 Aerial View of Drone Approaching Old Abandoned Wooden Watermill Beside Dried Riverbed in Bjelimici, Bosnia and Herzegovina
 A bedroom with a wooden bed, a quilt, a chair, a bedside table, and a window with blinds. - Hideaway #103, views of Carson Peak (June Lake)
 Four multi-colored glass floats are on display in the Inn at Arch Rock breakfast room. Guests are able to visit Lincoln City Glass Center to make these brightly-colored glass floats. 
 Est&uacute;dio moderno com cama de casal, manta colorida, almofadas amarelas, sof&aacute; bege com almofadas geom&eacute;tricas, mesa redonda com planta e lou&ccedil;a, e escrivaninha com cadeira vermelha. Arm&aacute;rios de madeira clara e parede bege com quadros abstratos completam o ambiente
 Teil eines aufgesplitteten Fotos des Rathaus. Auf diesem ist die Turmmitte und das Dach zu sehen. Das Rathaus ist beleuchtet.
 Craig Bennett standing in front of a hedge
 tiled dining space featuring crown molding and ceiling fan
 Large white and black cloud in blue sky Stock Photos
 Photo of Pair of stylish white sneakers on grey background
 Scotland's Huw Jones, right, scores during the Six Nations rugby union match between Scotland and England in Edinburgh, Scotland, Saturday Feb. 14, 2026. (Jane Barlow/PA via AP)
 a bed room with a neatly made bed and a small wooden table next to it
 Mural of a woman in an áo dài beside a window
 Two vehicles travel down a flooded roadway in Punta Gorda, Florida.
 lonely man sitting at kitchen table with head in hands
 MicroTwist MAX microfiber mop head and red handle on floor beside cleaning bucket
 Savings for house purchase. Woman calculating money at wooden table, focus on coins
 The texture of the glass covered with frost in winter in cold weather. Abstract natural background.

★ ★ ★

→ YOUR ASSIGNMENT
Your answer should consist of every line from the entries that holds "glass".

→ ANSWER SECTION
 Four multi-colored glass floats are on display in the Inn at Arch Rock breakfast room. Guests are able to visit Lincoln City Glass Center to make these brightly-colored glass floats. 
 The texture of the glass covered with frost in winter in cold weather. Abstract natural background.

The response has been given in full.